He thought a moment, and then tentatively, "liberation or something?"
"Right! Marx thinks the goal of history is the liberation of man."
He mused, "so what's the problem?"
"Most philosophers today don't think history has a goal, or a purpose."
Now he looked really troubled. "So if it doesn't have a goal," he hesitated and pondered. He put two and two together and came up with 22. Good job, I thought. He nodded, smiling in that way that people have when they actually get WHY 22 can be a good answer, and teased out some implications.
"Yep," I said, "Then we're just muddling through." Always happy to share my existential angst!
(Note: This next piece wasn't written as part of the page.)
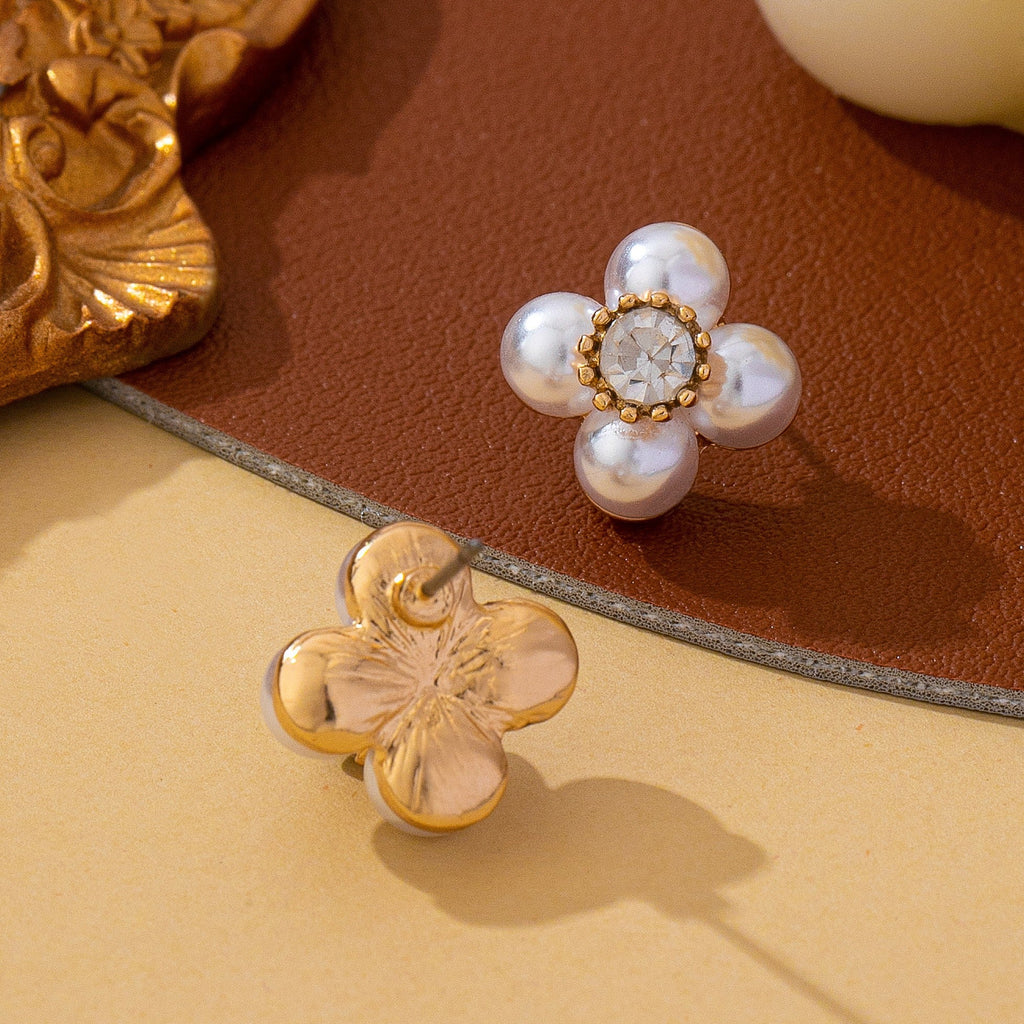 Pearl Flower Crystal Stud Earrings | 80E63058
It strikes me that one of the great difficulties we have in communicating and explaining complex ideas from theory is that it's so easy to fall into teleological language, to imply intent and purpose when what we observe is accident and chance. Much of our human experience is tied up in understanding and dealing with our desires, translating those into goals, and understanding each others' purpose; our language use reflect that experience.
And then we try to explain or understand theory, history, or evolutionary theory (where the whole teleological thing is really at stake these days), and we just can't get there somehow. Or getting to a sense of purposelessness and nonintentionality is just too scary to face. Because, really, if there is no grand meaning, why did I get up and reread Marx? It's hard stuff. I could have stayed in bed, or turned on the tube, or played a computer game or something much easier and more immediately pleasurable. (Like, say, blogging?)